• TASK BRIEF:
Each entry needs to be reproduced exactly as it is.

[Short text fragments from websites]
***
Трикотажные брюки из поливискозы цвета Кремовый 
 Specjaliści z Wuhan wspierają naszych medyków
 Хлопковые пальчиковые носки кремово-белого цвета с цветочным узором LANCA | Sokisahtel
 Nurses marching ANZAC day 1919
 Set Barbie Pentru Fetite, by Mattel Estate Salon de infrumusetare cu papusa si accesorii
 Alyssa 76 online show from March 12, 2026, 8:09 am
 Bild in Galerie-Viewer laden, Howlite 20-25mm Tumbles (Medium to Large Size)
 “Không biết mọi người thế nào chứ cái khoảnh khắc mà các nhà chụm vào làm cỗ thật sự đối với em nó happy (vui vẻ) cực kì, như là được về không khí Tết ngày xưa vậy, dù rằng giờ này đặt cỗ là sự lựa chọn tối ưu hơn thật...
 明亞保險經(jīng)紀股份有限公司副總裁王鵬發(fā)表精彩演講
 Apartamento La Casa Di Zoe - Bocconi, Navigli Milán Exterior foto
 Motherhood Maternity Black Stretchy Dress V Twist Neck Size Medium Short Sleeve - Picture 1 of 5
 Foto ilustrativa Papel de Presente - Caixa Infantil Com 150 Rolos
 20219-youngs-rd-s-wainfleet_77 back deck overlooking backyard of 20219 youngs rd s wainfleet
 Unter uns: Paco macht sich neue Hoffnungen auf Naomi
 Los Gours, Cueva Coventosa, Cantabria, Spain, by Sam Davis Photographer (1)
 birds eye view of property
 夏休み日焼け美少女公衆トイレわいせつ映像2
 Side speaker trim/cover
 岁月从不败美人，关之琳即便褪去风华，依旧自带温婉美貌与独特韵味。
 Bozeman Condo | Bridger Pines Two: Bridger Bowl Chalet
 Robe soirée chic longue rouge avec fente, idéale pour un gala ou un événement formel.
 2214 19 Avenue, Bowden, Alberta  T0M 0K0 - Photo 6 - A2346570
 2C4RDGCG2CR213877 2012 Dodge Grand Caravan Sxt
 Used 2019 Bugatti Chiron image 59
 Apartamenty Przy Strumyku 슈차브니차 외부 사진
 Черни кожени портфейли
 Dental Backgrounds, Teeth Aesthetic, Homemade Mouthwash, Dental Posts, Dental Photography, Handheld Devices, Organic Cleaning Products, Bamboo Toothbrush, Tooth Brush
***
• ANSWER SPACE:
Трикотажные брюки из поливискозы цвета Кремовый 
 Specjaliści z Wuhan wspierają naszych medyków
 Хлопковые пальчиковые носки кремово-белого цвета с цветочным узором LANCA | Sokisahtel
 Nurses marching ANZAC day 1919
 Set Barbie Pentru Fetite, by Mattel Estate Salon de infrumusetare cu papusa si accesorii
 Alyssa 76 online show from March 12, 2026, 8:09 am
 Bild in Galerie-Viewer laden, Howlite 20-25mm Tumbles (Medium to Large Size)
 “Không biết mọi người thế nào chứ cái khoảnh khắc mà các nhà chụm vào làm cỗ thật sự đối với em nó happy (vui vẻ) cực kì, như là được về không khí Tết ngày xưa vậy, dù rằng giờ này đặt cỗ là sự lựa chọn tối ưu hơn thật...
 明亞保險經(jīng)紀股份有限公司副總裁王鵬發(fā)表精彩演講
 Apartamento La Casa Di Zoe - Bocconi, Navigli Milán Exterior foto
 Motherhood Maternity Black Stretchy Dress V Twist Neck Size Medium Short Sleeve - Picture 1 of 5
 Foto ilustrativa Papel de Presente - Caixa Infantil Com 150 Rolos
 20219-youngs-rd-s-wainfleet_77 back deck overlooking backyard of 20219 youngs rd s wainfleet
 Unter uns: Paco macht sich neue Hoffnungen auf Naomi
 Los Gours, Cueva Coventosa, Cantabria, Spain, by Sam Davis Photographer (1)
 birds eye view of property
 夏休み日焼け美少女公衆トイレわいせつ映像2
 Side speaker trim/cover
 岁月从不败美人，关之琳即便褪去风华，依旧自带温婉美貌与独特韵味。
 Bozeman Condo | Bridger Pines Two: Bridger Bowl Chalet
 Robe soirée chic longue rouge avec fente, idéale pour un gala ou un événement formel.
 2214 19 Avenue, Bowden, Alberta  T0M 0K0 - Photo 6 - A2346570
 2C4RDGCG2CR213877 2012 Dodge Grand Caravan Sxt
 Used 2019 Bugatti Chiron image 59
 Apartamenty Przy Strumyku 슈차브니차 외부 사진
 Черни кожени портфейли
 Dental Backgrounds, Teeth Aesthetic, Homemade Mouthwash, Dental Posts, Dental Photography, Handheld Devices, Organic Cleaning Products, Bamboo Toothbrush, Tooth Brush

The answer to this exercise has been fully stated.